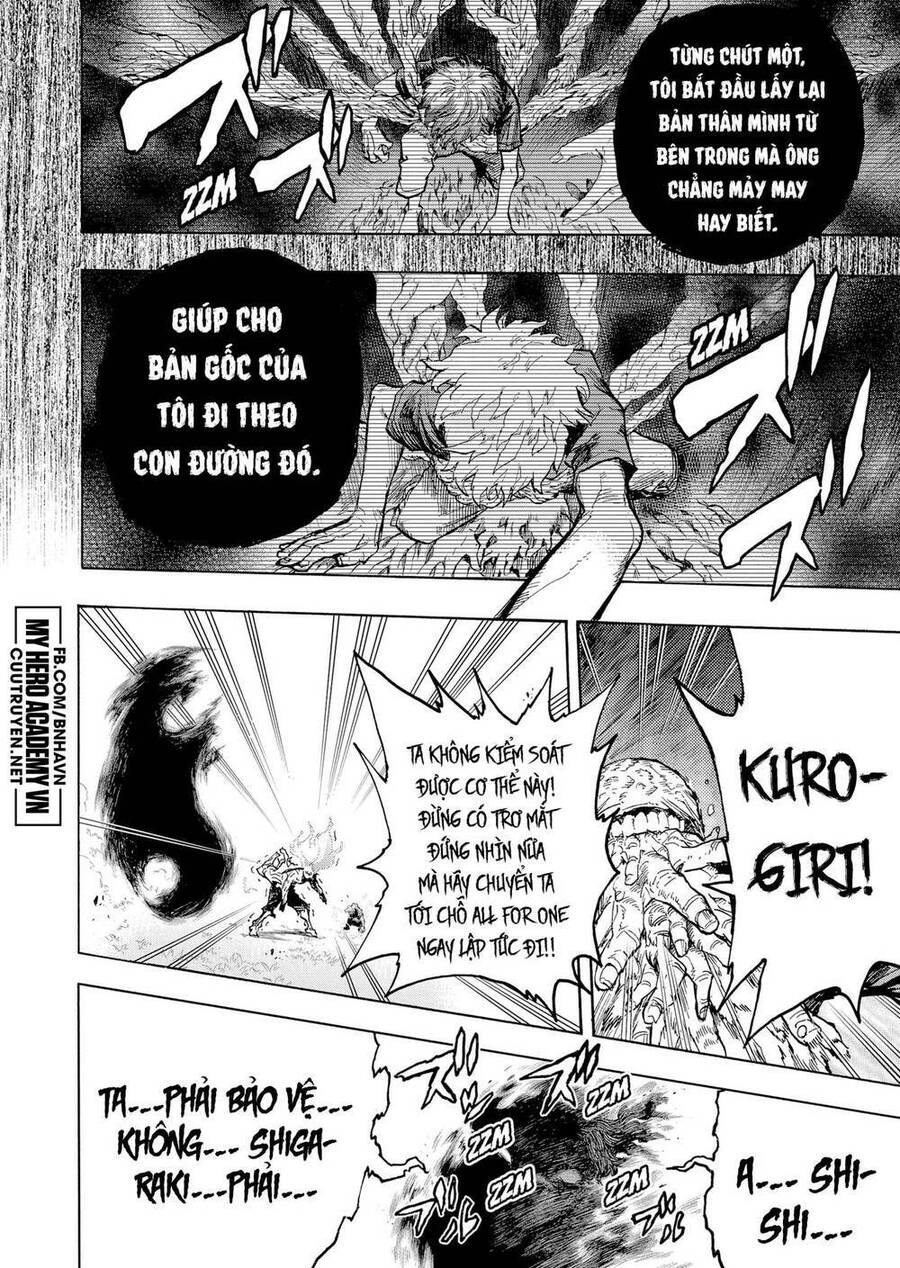 Học Viện Anh Hùng Chap 379 - Next Chap 380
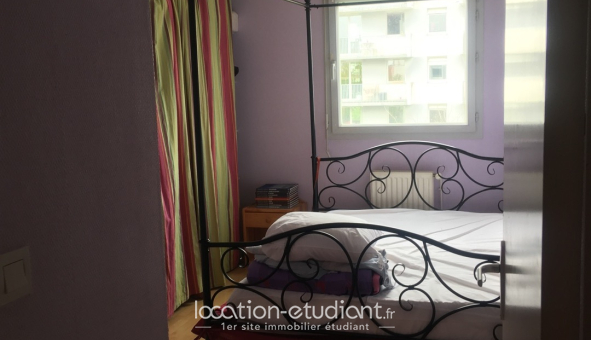 Colocation étudiante T4 &agrave; Rennes (35000)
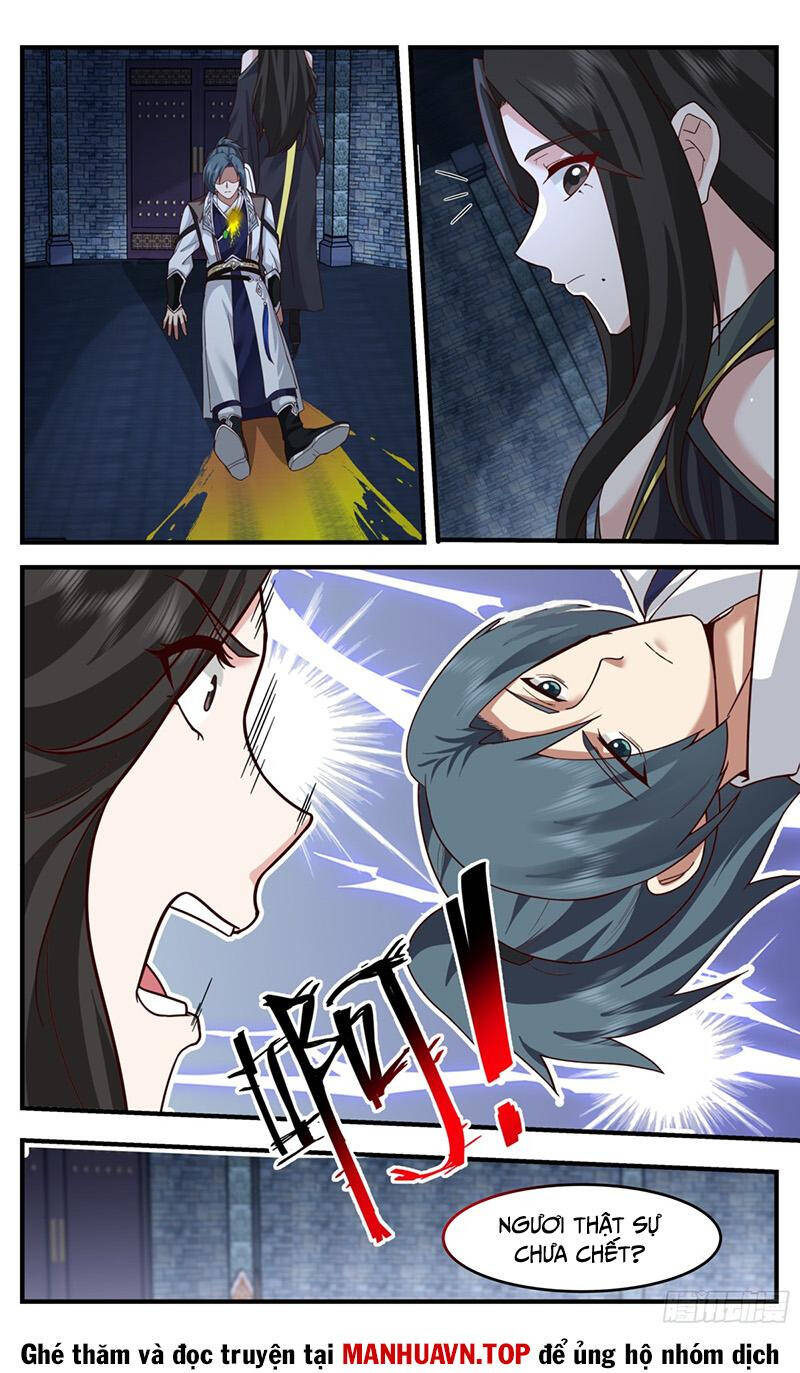 Võ Luyện Đỉnh Phong Chap 3753 - Next Chap 3754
----
**REQUIREMENT:** Reproduce the material word for word, pictures excluded.

**EXERCISE OUTPUT:**
 Học Viện Anh Hùng Chap 379 - Next Chap 380
 Colocation étudiante T4 &agrave; Rennes (35000)
 Võ Luyện Đỉnh Phong Chap 3753 - Next Chap 3754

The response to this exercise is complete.